##### DATA PROVIDED

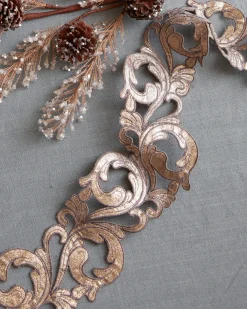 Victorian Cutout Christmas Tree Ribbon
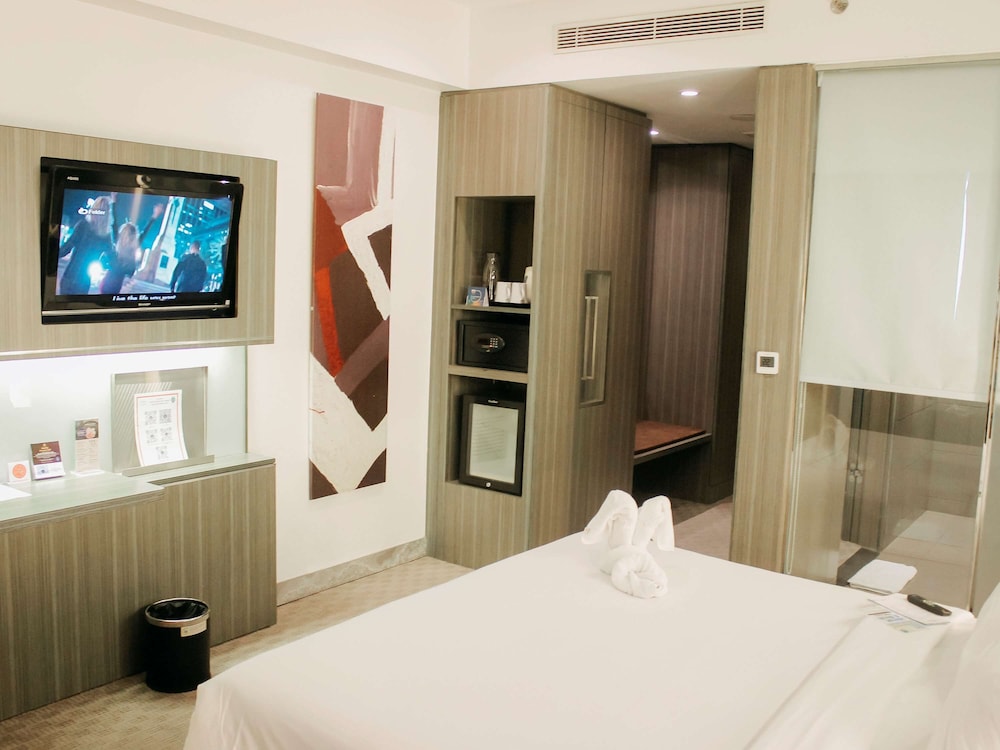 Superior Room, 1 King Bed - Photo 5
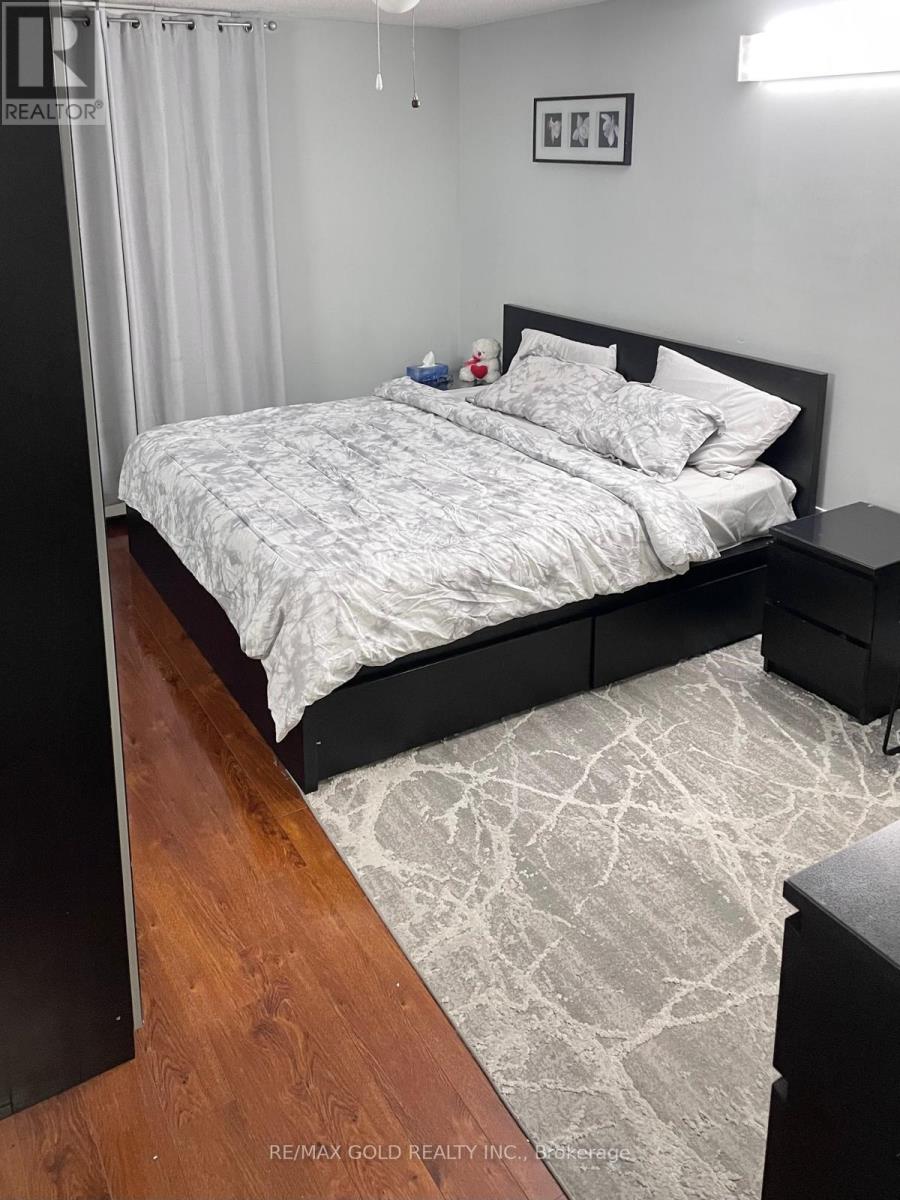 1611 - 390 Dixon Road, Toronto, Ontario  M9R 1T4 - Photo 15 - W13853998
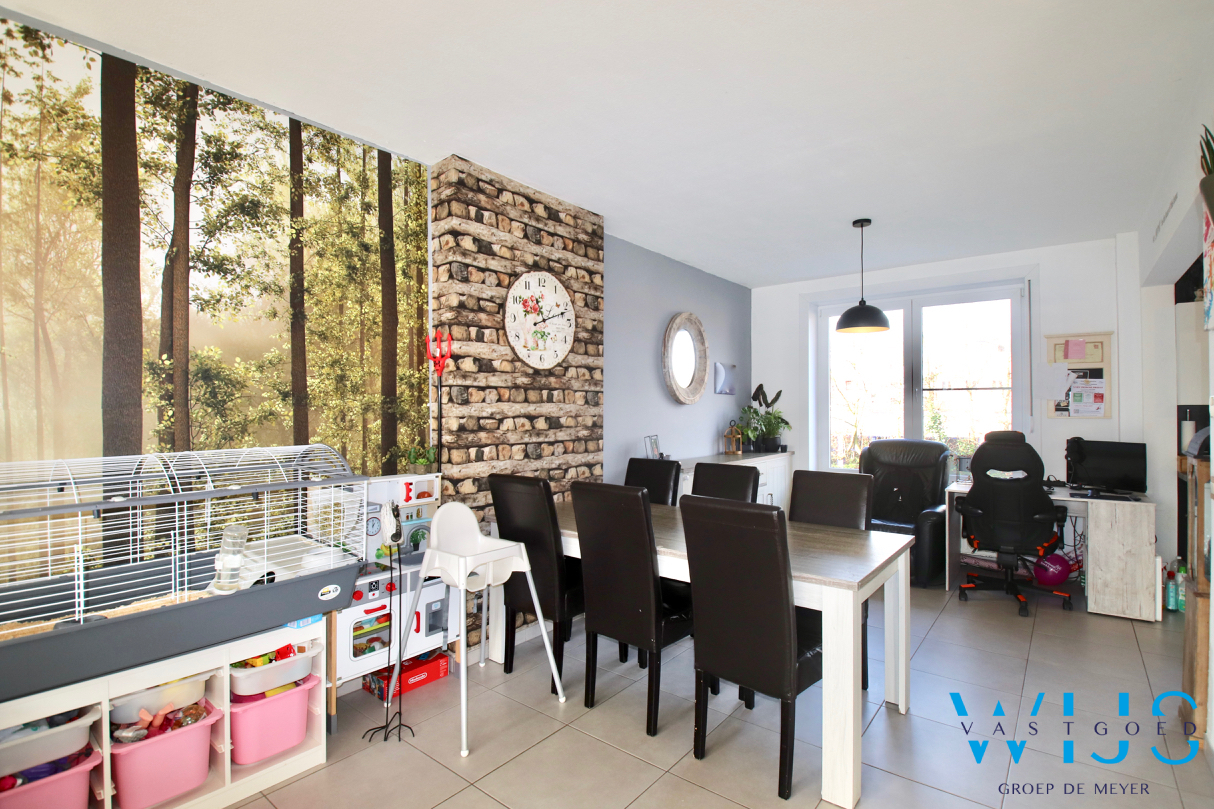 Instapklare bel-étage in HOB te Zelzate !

##########

### ABOUT THIS EXERCISE
The finished answer is an exact repetition of the listing, with every picture removed.

### OUTPUT OF THE TASK
 Victorian Cutout Christmas Tree Ribbon
 Superior Room, 1 King Bed - Photo 5
 1611 - 390 Dixon Road, Toronto, Ontario  M9R 1T4 - Photo 15 - W13853998
 Instapklare bel-étage in HOB te Zelzate !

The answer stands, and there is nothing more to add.